Journalists never write about … Shhh! Yes they do, and this tool can show you

MuckRack Launches Data Tool:

 

According to Ren LaForme of Poynter, journalism/PR software platform MuckRack has launched Trends, a new tool patterned after Google Trends that allows readers to view data on most news articles published in the last year. The company intends to extend the amount of available data in the near future. "There's a real hole in the market right now to just be able to get this data really easy to journalists," said co-founder and CEO Gregory Galant. "We want to make it really easy to see what's being written about one topic at a time."

 

Greg Miller named The Washington Post’s Europe-based investigative correspondent

Miller Bound for Europe:

 

Longtime Washington Post reporter Greg Miller will become a Europe-based investigative correspondent effective this summer, the newspaper announced Thursday. Miller, who joined The Post in 2010, contributed to its Pulitzer-winning staff coverage of the Edward Snowden disclosures and Russian interference in the 2016 presidential election. "Greg's broad background will be an asset as he moves on to Europe," said Foreign Editor Douglas Jehl and Deputy Foreign Editor Eva Rodriguez. "He will work closely with correspondents from across Europe, the Middle East and beyond, as well as colleagues in Washington."

Capital Gazette Buyouts

Capital Gazette Staffers Take Buyouts:

 

Tribune Publishing, parent to the Capital Gazette in Annapolis, Md., offered employee buyouts two months after hedge fund Alden Capital took a 32% stake in the company. Two Capital Gazette journalists who covered the June 2018 shooting in their newsroom, Joshua McKerrow and Pat Furgurson, have taken buyouts. The paper was awarded a Special Citation and $100,000 in 2019 by the Pulitzer Prize Board.

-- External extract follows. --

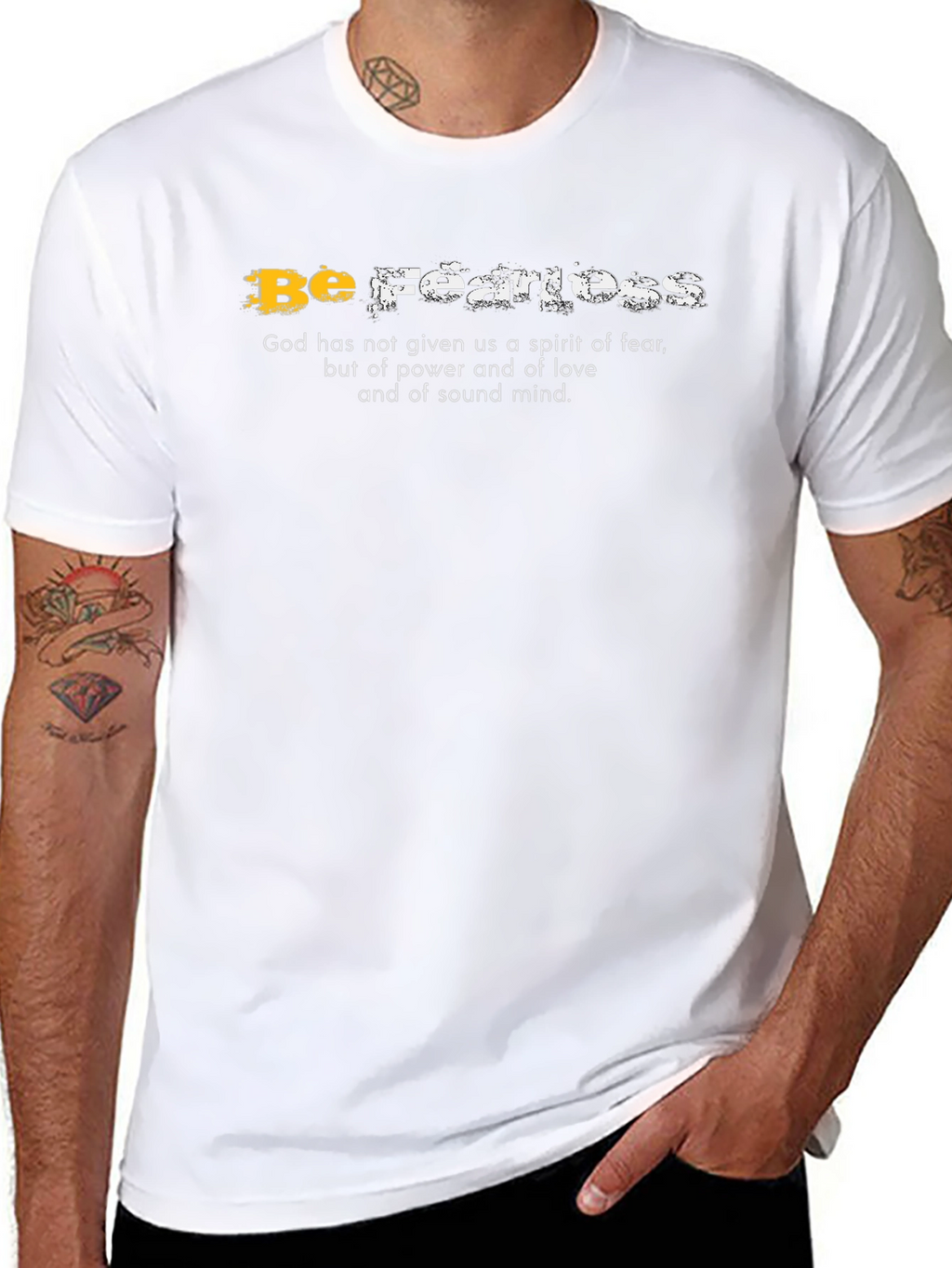 Be Fearless Christian T-Shirt - Religious Apparel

In its mission to squeeze the last profits out of newspapers, Alden Global Capital has eliminated the jobs of scores of reporters

Jackson, Marx Continue Tribune Owner Search:

 

According to Joe Pompeo of Vanity Fair, 1999 Public Service contributor David Jackson and three-time Pulitzer finalist Gary Marx have failed to secure a potential buyer for the Chicago Tribune after publishing an op-ed in The New York Times and reaching out to "at least 50" prospects, including Los Angeles Times owner Patrick Soon-Shiong (who maintains a 25% stake in parent company Tribune Publishing), Citadel CEO Ken Griffin and members of Chicago's Pritzker family. "We're very aware of the potential for failure," Jackson said. "So we're not doing this with any optimism, nor with any pessimism, frankly."

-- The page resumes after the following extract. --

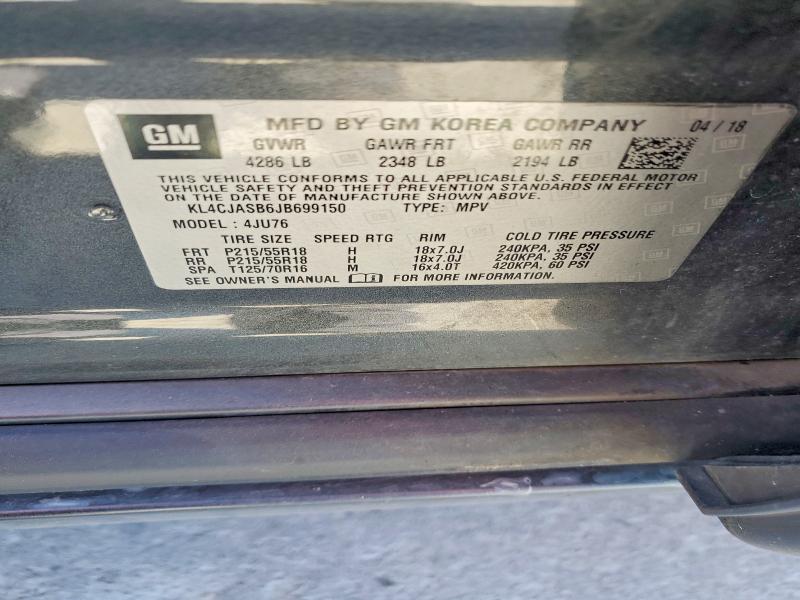 Aukcja sprzedaży 2018 Buick Encore, vin: KL4CJASB6JB699150, numer aukcji: 65540986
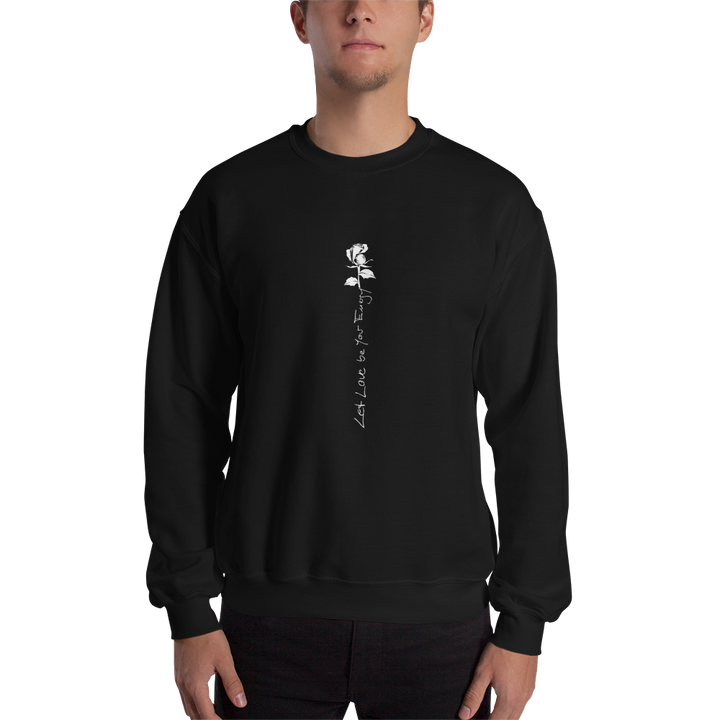 Pullover Herren - Let Love Be Your Energy, weisse Rose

Justice Department Ramps Up Google Probe, With Heavy Focus on Ad Tools

Google Antitrust Investigation Continues: Keach Hagey and Rob Copeland of The Wall Street Journal reported Wednesday that the Justice Department has reached out to more than two dozen entities in its ongoing antitrust investigation of Google. In recent months, the investigation has focused on the interactions between "Google's third-party advertising business" (largely built on its 2008 acquisition of Doubleclick) and "publishers and advertisers." According to Hagey and Copeland, "the investigation puts ad agencies in a delicate spot because many of them use Google's tools and rely on Google as a major advertising client."

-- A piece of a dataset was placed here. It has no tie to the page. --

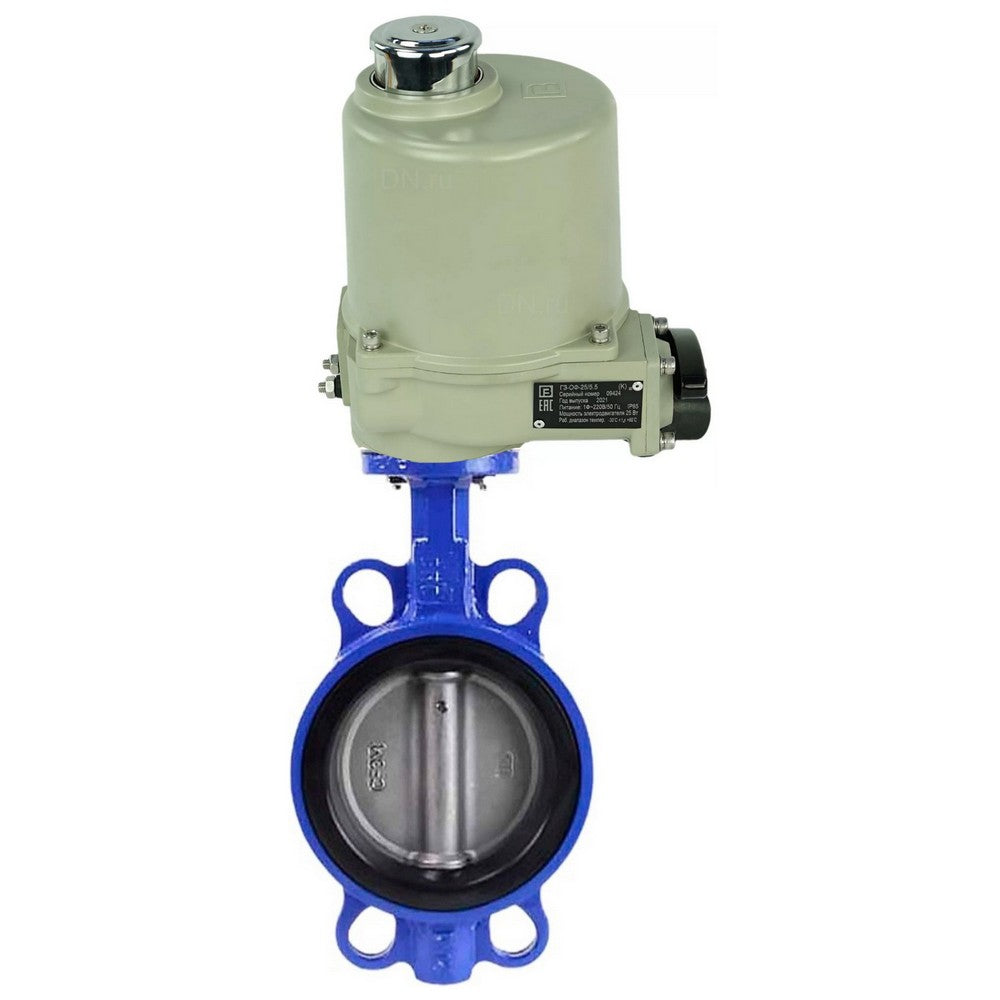 Water Butterfly Valve Elephant WBV1631N-2W-Fb-H, body material - cast iron QT450, disk material - Stainless steel AISI 304, seal - NBR, electric actuator GZ-OF(K) 24V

Epoch Times, Punished by Facebook, Gets a New Megaphone on YouTube

Epoch Times Initiates YouTube Blitz:

 

According to Kevin Roose of The New York Times, The Epoch Times has shifted its advertising strategy to YouTube after the publication was banned by Facebook for flouting its advertising transparency rules last year. Although the newspaper (whose precise ownership remains opaque) has served as an organ for China's dissident Falun Gong religious movement from its inception, it "has made inroads into top Republican circles" in recent years by disseminating content on the Spygate and QAnon conspiracy theories. While Publisher Stephen Green maintains that the publication is "independent and focus[ed] on truthful reporting," University of California, Merced political scientist Haifeng Huang believes that the tilt may be tied to the Trump administration's equivocation toward China.